There was the method of kneeling, a fine method, if you lived in a country where stones were smooth. The women dreamed wistfully of bleached courtyards, hidden corners where knee fit rock. Their prayers were weathered rib bones, small calcium words uttered in sequence, as if this shedding of syllables could somehow fuse them to the sky.
There were the men who had been shepherds so long they walked like sheep. Under the olive trees, they raised their arms-- Hear us! We have pain on earth! We have so much pain there is no place to store it! But the olives bobbed peacefully in fragrant buckets of vinegar and thyme. At night the men ate heartily, flat bread and white cheese, and were happy in spite of the pain, because there was also happiness.
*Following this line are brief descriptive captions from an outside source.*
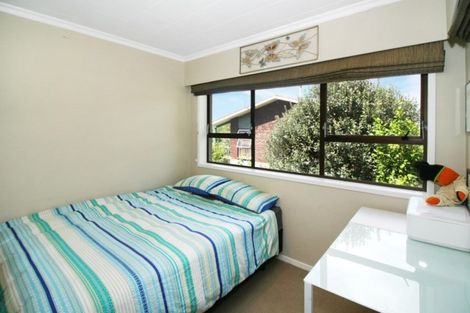 Photo of property in 22 Pukekohatu Street, Waitara, 4320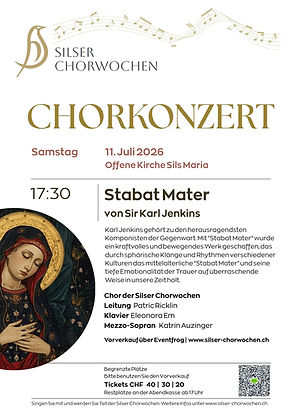 Jenkins Stabat Mater_SCW_Bild.jpg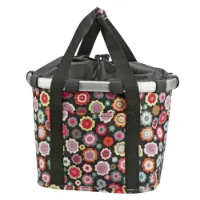 Rixen&kaul Korb 15l Rixen&kaul Korb 15l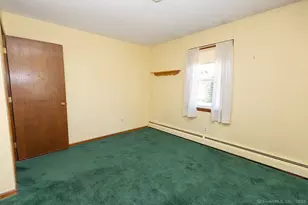 10 Terra Rd, Plainville, CT 06062 - Photo 22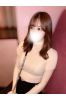 三上みりサムネイル4
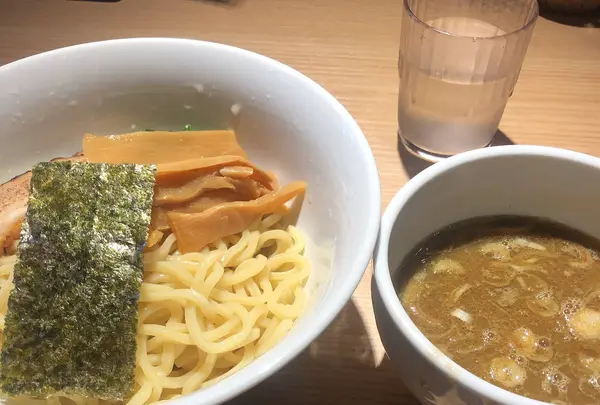 麺屋みちしるべの写真・動画_image_681050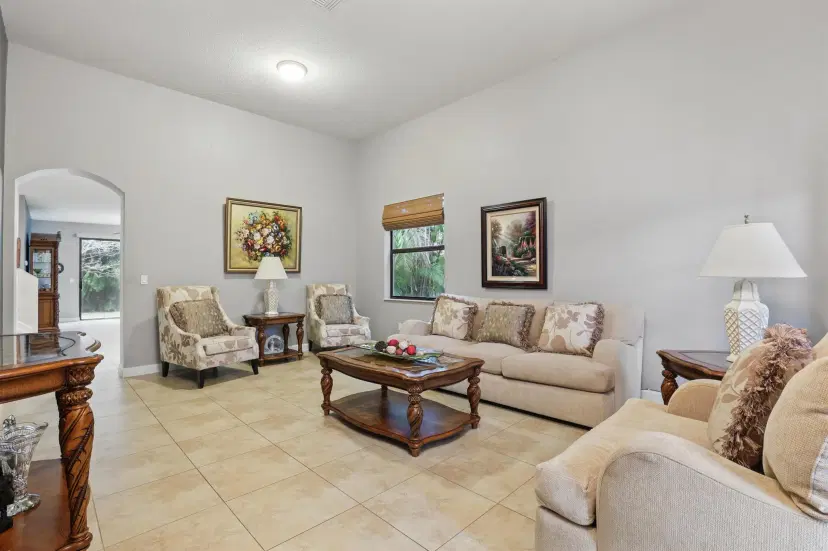 Picture of 3801 Aspen Leaf Drive Drive, Boynton Beach FL 33436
Some prized the pilgrimage, wrapping themselves in new white linen to ride buses across miles of vacant sand. When they arrived at Mecca they would circle the holy places, on foot, many times, they would bend to kiss the earth and return, their lean faces housing mystery.
While for certain cousins and grandmothers the pilgrimage occurred daily, lugging water from the spring or balancing the baskets of grapes. These were the ones present at births, humming quietly to perspiring mothers. The ones stitching intricate needlework into children’s dresses, forgetting how easily children soil clothes.
There were those who didn’t care about praying. The young ones. The ones who had been to America. They told the old ones, you are wasting your time. Time?—The old ones prayed for the young ones. They prayed for Allah to mend their brains, for the twig, the round moon, to speak suddenly in a commanding tone.
And occasionally there would be one who did none of this, the old man Fowzi, for example, Fowzi the fool, who beat everyone at dominoes, insisted he spoke with God as he spoke with goats, and was famous for his laugh.
Fowzi's spontaneity has a special appeal to those of us who grew up with an unnatural God. An unnatural God lives in the head as an abstract idea or on a throne as a kingly lord. Such a God is not among the grit and grist of this world. You cannot be human or natural with this God. You cannot speak to this God as you speak to a goat.
It would be nice if the real God is more flexible, shifting shapes to become accessible to us. Sometimes God becomes human like, sometimes goat like, sometimes water like, and sometimes like a tear in the eye. Or a laugh. Or a domino table. It would be nice if the real God were free of internal constraints and thus free to become different things relative to the situation.
I do not know of a theology that gives God the freedom to become a goat, except maybe process theology with its idea of a God who becomes along with the world: a God of divine relativity. Maybe this is a shape-shifting God. Would not this God also plant within us, moment by moment, possibilities for being ourselves, for laughing when it is time to laugh, and praying when it is time to pray, each in our own way? Maybe this is what process theologians mean by "initial aims." And if we speak to God as we speak to goats, wouldn't this be a way of loving God, not in a subject-to-king way, but in a friendlier and more intimate way. A more familiar and natural way.
I don't want to dismiss the other ways of praying. Praying inside and outside, formally and informally, while kneeling or standing, alone or with others. Surely God can be found in those ways, too. But I sense that the real thing is much closer to life than we imagine, especially if our images of God have hardened into creeds and rules. Doesn't Islam teach that God is closer to us than our own breathing? Don't Christians talk about God becoming flesh in smelly stables? Don't Jews speak of the earth itself as carrying sparks of God, some of which (surely) are in goats?